Senadora colombiana Piedad Córdoba é chamada na embaixada da França

Bogotá, 2 abr (EFE).- A senadora colombiana Piedad Córdoba, que intermediou para a libertação de reféns das Forças Armadas Revolucionárias da Colômbia (Farc), foi citada hoje na embaixada da França em Bogotá em gestões relacionadas com uma missão francesa que chegará para atender a ex-candidata presidencial franco-colombiana Ingrid Betancourt, que estaria gravemente doente.

EFE |

A congressista opositora declarou aos jornalistas que foi chamada de urgência pela embaixada e destacou que recebeu informações de que a ex-candidata, seqüestrada desde 2002 pelas Farc, está em muito mal estado.

A senadora dependia da continuação de um debate parlamentar, que começou na semana passada, para investigar suas gestões fora do país ao lado do presidente da Venezuela, Hugo Chávez, já que alguns parlamentares a acusam de desacreditar o Governo colombiano no exterior.

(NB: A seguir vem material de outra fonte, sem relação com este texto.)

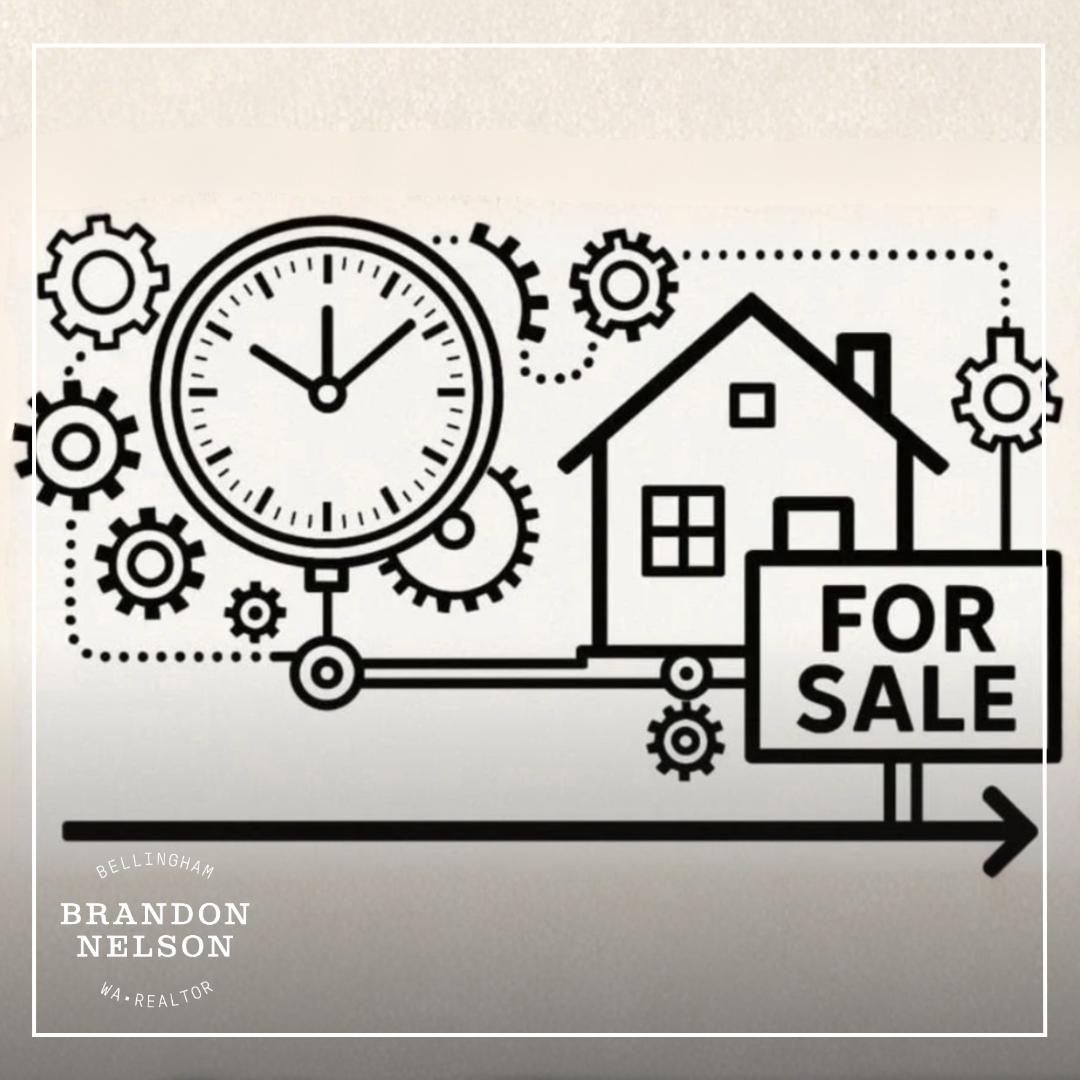 Using “Price Discovery” to sell your Bellingham Home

Córdoba, que saiu rumo à embaixada da França acompanhada pela presidente da comissão de paz do Congresso, Gloria Inés Ramírez, explicou que na terça-feira à noite recebeu várias ligações telefônicas na qual recebeu informações sobre o agravamento do estado de saúde de Betancourt.

"A informação que tenho é que realmente Ingrid está em grave estado de saúde", manifestou Piedad Córdoba, e acrescentou: "a embaixada francesa seguramente quer alguma intervenção minha e por isos estou indo".

Pouco depois, chegou à residência do embaixador da França, Jean-Michel Marlaud, a mãe de Ingrid Betancourt, Yolanda Pulecio, que não falou com a imprensa.

As autoridades da França anunciaram o envio de uma missão médica que é esperada na quinta-feira na região do Guaviare (sul da Colômbia), onde aparentemente se encontra Ingrid Betancourt em um acampamento das Farc.

A senadora, que pertence ao Partido Liberal, administrou ao lado do presidente venezuelano a libertação de seis políticos no dia dez de janeiro e 27 de fevereiro deste ano.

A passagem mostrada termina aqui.